Could It Happen Here?


January 16, 1993|By DANIEL BERGER

Americans should see the worst situations in the world as logical end results of developments that, if not reversed, might lead to something similar here.

This does not mean that the anarchy of Somalia, with mass starvation imposed by comparatively few thugs, is what West Baltimore will endure tomorrow. It does mean that the resemblances should be understood.

First is weapons proliferation, guns all over town. In Somalia, the guns were provided to a supposedly reputable army, by the Soviet Union and then by the United States. Under revolutionary pressures, the army disintegrated, the guns walked away, gun markets opened. It wasn't long before the clan militia and extortion gangs had them.

In other words, the NRA argument that guns don't kill, people do, applies equally to Somalia and Baltimore: It is absurd in both places. The guns are sold or burgled or otherwise change sides, in Somalia or Towson. The guns get into the hands of the teen-age food robbers of Somalia and narco-terrorists of Baltimore.

The second similarity is the breakdown of law and order. Policing in Somalia vanished. In Baltimore, it merely retreated, progressively ineffective in halting drug street markets, illegal gun possession and crime. Narco-terrorists may never get large parts of Baltimore as fully in their grasp as the thugs did Mogadishu and Baidoa. But unchallenged success by gangs here will inevitably lead to expansion of their activities at the expense of the people on their turf. You can expect not monopoly of the food supply but greater extortion and terror of slum people if the gunmen are not curtailed.
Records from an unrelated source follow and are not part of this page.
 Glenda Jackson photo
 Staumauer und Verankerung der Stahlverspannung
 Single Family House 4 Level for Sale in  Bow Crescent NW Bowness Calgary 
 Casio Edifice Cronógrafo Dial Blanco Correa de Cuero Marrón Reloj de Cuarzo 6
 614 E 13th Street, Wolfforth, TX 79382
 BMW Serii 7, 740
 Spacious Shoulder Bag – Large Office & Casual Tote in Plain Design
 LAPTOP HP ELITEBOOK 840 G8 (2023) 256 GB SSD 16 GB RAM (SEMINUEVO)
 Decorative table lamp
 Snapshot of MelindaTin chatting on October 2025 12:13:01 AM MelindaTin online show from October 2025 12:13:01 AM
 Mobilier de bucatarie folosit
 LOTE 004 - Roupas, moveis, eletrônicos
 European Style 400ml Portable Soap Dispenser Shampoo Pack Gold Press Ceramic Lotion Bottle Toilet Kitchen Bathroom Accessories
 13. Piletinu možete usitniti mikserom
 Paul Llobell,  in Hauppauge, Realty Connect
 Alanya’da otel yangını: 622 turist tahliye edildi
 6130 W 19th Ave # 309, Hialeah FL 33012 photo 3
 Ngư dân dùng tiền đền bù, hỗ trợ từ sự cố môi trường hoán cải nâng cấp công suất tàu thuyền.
The other situation that looks like a logical end result of dynamics found here is in Yugoslavia. That is the breakdown of nationality. Ethnic strife by whole armies is not likely here, but it is the mad end of the breakup of nationality that is beginning here.

Yugoslavian nationality, invented after World War I, may never have worked except when enforced by brutal governments. The Kingdom of Yugoslavia was overly Serbian at the expense of everyone else. Tito's communism was overly everything, at the expense of Serbs.

The army was always ''Yugoslavist,'' and one-fifth of the people might be in ethnically mixed families. But Serbian, Slovenian, Croatian, Montenegrin, Muslim, Albanian and Macedonian nationalists are entitled to assert that true Yugoslavian nationality never existed voluntarily. That claim cannot be made against American nationality, which indisputably exists. But it is true that some groups long seemed left out of its benefits.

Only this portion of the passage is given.